Sobre la defensa de la vida, dijo que el fundamento de toda sociedad es el respeto a la vida, en especial la más débil; si este fundamento cae, la sociedad cae por sí misma, Hay que regenerar la sociedad recuperando las verdades fundamentales, los valores absolutos que no se compran y en los que no se cede. Se ha producido el oscurecimiento de las conciencias que no permite diferenciar el bien del mal,  y así  se justifican delitos contra la vida y se pretende que estén autorizados y que se practiquen con libertad. Mons. Yanguas pidió a la Virgen que iluminara  a los gobernantes y dió gracias por tantas mujeres que han traído al mundo a sus hijos con sufrimiento, pobreza y necesidad, pero con un cariño que conmueve los corazones. 


Y dijo que la vida, que es sagrada, se respeta hasta la muerte natural, cuando Dios vuelva a abrir sus manos para acogerla.


La Misa estuvo concelebrada por otros once sacerdotes, y acudieron a ella más de 700 personas, la iglesia estaba abarrotada, no sólo los bancos ocupados al completo.

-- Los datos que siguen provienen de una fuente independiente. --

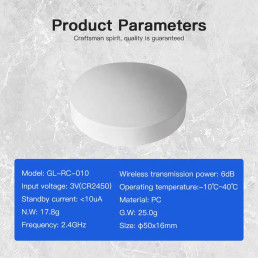 Nuotolinio valdymo pultelis GLEDOPTO RF valdikliams, 1 zonos, DOT, DIM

Tras la Misa, el Obispo, ante el Icono de la Virgen de Czestochowa, leyó la Consagración del mundo y las familias a la causa de la vida, la misma que el arzobispo de Cracovia leyó un año antes en el santuario de Jasna Gora en la bendición del Icono.


Desde la parroquia de San Esteban llevamos la Imagen hasta la parte alta de la ciudad, cerca de la Catedral, al convento de las Esclavas del Santísimo Sacramento, donde además de la comunidad, nos esperaba el seminario en pleno, profesores y seminaristas. Estos fueron los encargados de pasar el Icono de la Virgen hasta el Altar Mayor de la capilla, donde se adora en exposición perpetua, al Santísimo Sacramento, función principal de esta orden de religiosas. Tras el rezo de Vísperas, el Icono permaneció toda la noche junto al Santísimo, con la oración de la comunidad, que como hace siempre,  permaneció en vela toda la noche ante el Señor.


Día 22 de enero.- Salimos a las 8:00 al convento de las Esclavas del Santísimo Sacramento, donde recogimos la imagen y agradecimos sinceramente a las hermanas su oración, que sin duda dará frutos en la peregrinación.


De allí partimos hasta la Residencia de Ancianos “San José”, de las Hermanitas de los Ancianos Desamparados, donde residentes y hermanas, y todos los trabajadores, salieron a recibir la Imagen, a pesar del frío. La pasaron a la capilla, y se celebró la Santa Misa. Los ancianos estaban felices y emocionados y también el sacerdote, a quien se le entrecortó la voz en la homilía. El Icono quedó allí hasta las 10:15, hora en que debía dejar b Cuenca capital.


Al salir de la residencia, los primeros copos de nieve empezaban a dejar blanco el paisaje de Cuenca, una hermosa despedida, una ciudad que parecía quedarse de un color blanco puro tras el paso de  la Virgen.